- Instructions for the task
The records below are to be restated word for word, with every picture left out.

Short text fragments from websites:
******************************

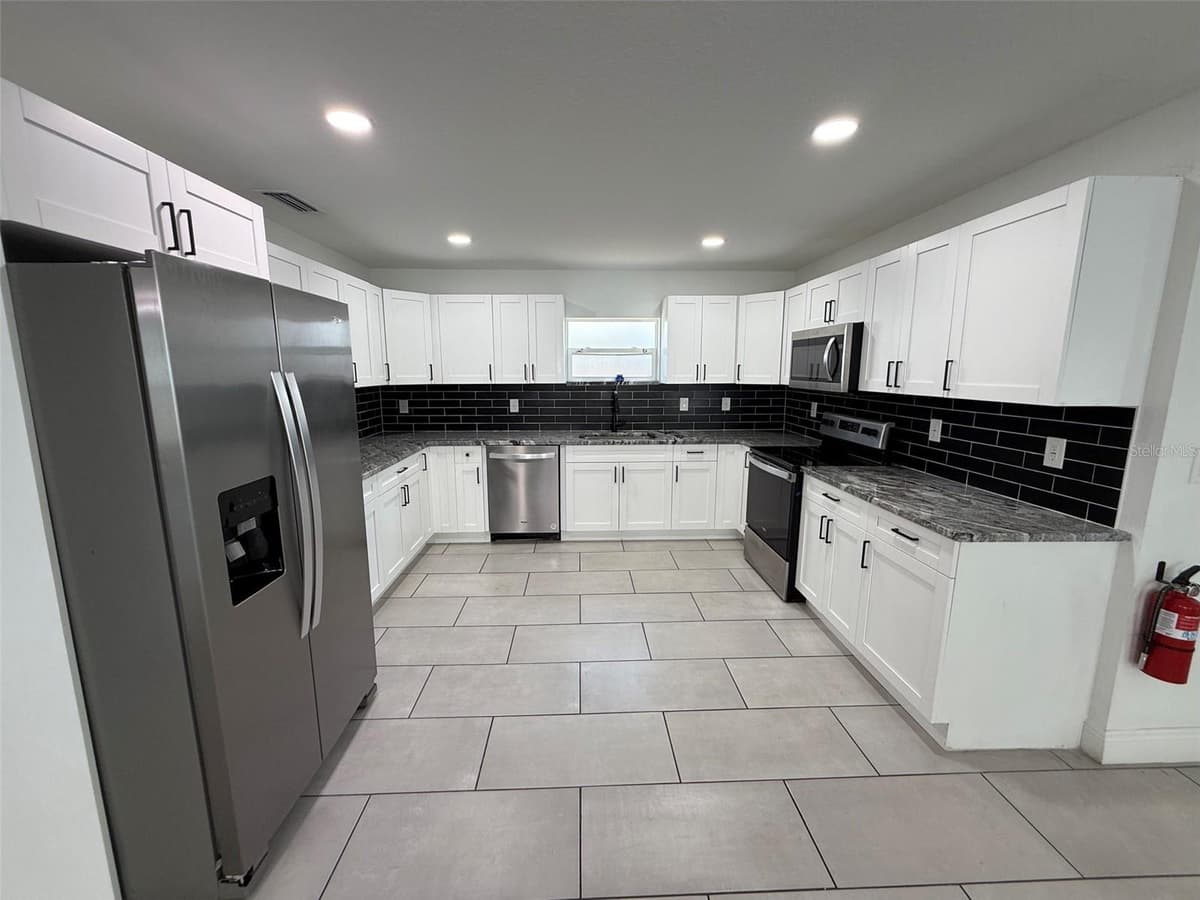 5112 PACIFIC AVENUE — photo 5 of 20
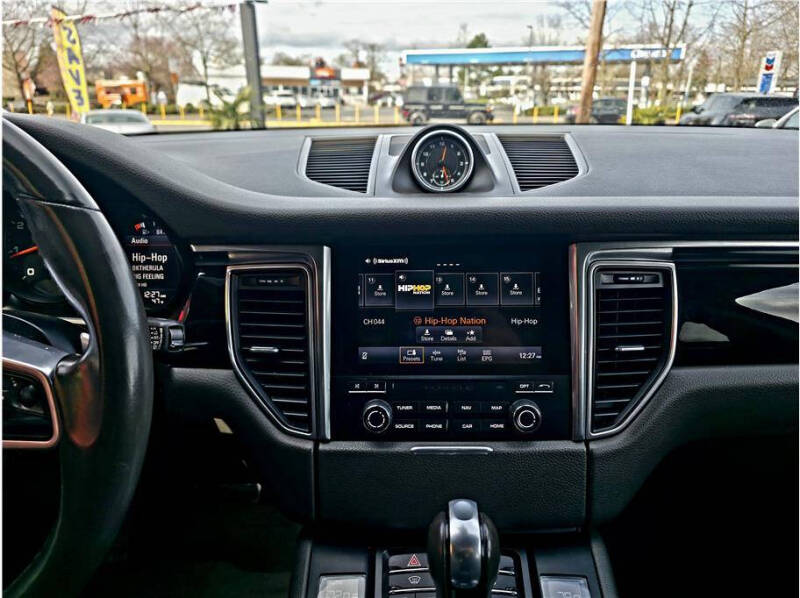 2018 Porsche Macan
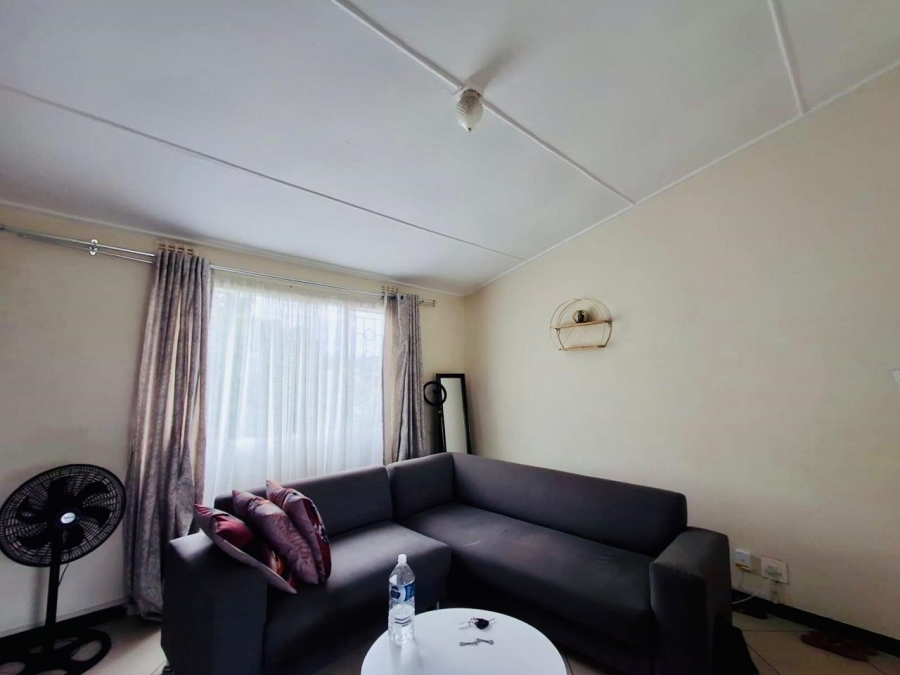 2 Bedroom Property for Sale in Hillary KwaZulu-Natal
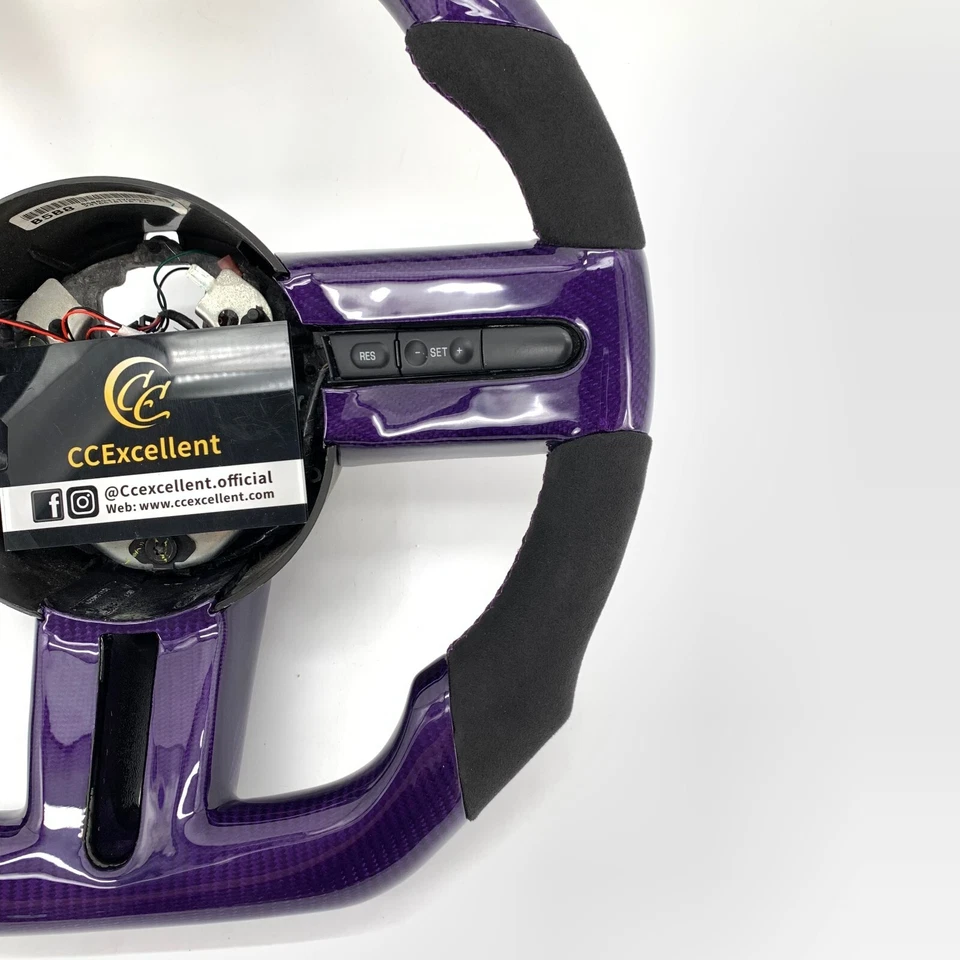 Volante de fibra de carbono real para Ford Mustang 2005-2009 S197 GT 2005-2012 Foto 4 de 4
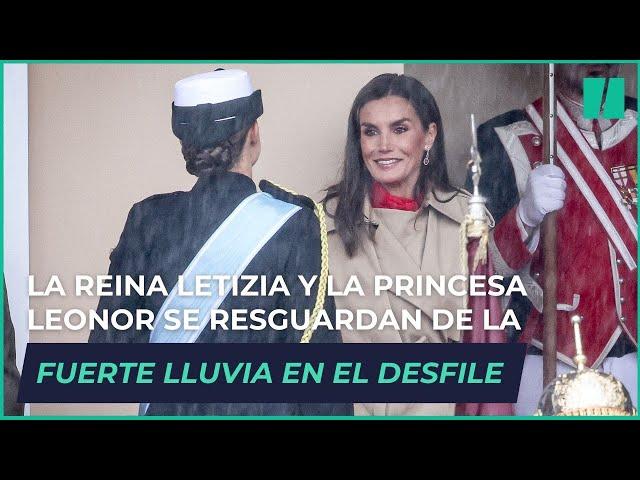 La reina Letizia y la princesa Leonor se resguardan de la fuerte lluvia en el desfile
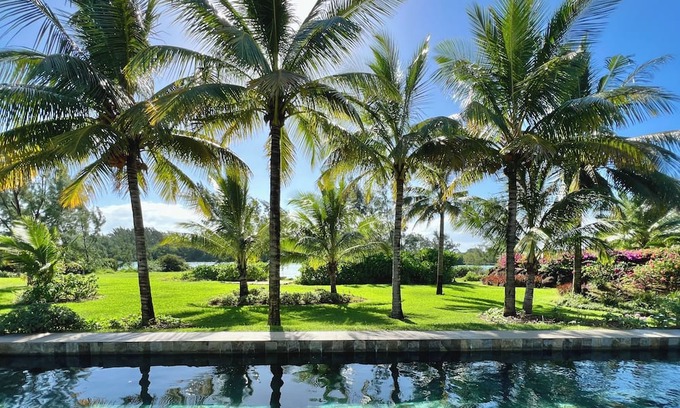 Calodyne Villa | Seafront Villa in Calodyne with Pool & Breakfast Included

******************************

- Reply to the task
 5112 PACIFIC AVENUE — photo 5 of 20
 2018 Porsche Macan
 2 Bedroom Property for Sale in Hillary KwaZulu-Natal
 Volante de fibra de carbono real para Ford Mustang 2005-2009 S197 GT 2005-2012 Foto 4 de 4
 La reina Letizia y la princesa Leonor se resguardan de la fuerte lluvia en el desfile
 Calodyne Villa | Seafront Villa in Calodyne with Pool & Breakfast Included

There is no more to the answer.